>>>>
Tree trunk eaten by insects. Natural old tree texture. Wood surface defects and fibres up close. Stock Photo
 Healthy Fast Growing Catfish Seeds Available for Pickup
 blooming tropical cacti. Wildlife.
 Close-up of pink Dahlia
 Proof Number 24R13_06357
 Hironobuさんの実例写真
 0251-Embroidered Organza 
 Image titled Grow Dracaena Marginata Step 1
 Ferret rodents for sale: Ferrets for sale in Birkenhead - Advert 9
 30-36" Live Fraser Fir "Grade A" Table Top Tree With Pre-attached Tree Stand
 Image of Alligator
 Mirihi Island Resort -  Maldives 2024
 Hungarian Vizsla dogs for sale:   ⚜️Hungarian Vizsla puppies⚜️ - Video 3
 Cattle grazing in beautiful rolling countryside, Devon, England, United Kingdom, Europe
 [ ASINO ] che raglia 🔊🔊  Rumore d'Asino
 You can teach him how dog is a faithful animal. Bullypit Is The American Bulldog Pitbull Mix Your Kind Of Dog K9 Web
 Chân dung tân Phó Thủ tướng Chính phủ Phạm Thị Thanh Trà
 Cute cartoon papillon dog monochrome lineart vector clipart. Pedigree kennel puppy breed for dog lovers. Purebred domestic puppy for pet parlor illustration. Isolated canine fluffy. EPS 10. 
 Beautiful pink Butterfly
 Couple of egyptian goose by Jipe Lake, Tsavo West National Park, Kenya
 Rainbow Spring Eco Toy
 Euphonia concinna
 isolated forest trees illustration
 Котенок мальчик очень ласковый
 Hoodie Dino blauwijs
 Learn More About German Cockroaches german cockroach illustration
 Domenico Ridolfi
<<<<
** What to produce **
Only the lines from the one holding "Ferret rodents for" to the end of the material are wanted, each transcribed exactly.

** Task result **
 Ferret rodents for sale: Ferrets for sale in Birkenhead - Advert 9
 30-36" Live Fraser Fir "Grade A" Table Top Tree With Pre-attached Tree Stand
 Image of Alligator
 Mirihi Island Resort -  Maldives 2024
 Hungarian Vizsla dogs for sale:   ⚜️Hungarian Vizsla puppies⚜️ - Video 3
 Cattle grazing in beautiful rolling countryside, Devon, England, United Kingdom, Europe
 [ ASINO ] che raglia 🔊🔊  Rumore d'Asino
 You can teach him how dog is a faithful animal. Bullypit Is The American Bulldog Pitbull Mix Your Kind Of Dog K9 Web
 Chân dung tân Phó Thủ tướng Chính phủ Phạm Thị Thanh Trà
 Cute cartoon papillon dog monochrome lineart vector clipart. Pedigree kennel puppy breed for dog lovers. Purebred domestic puppy for pet parlor illustration. Isolated canine fluffy. EPS 10. 
 Beautiful pink Butterfly
 Couple of egyptian goose by Jipe Lake, Tsavo West National Park, Kenya
 Rainbow Spring Eco Toy
 Euphonia concinna
 isolated forest trees illustration
 Котенок мальчик очень ласковый
 Hoodie Dino blauwijs
 Learn More About German Cockroaches german cockroach illustration
 Domenico Ridolfi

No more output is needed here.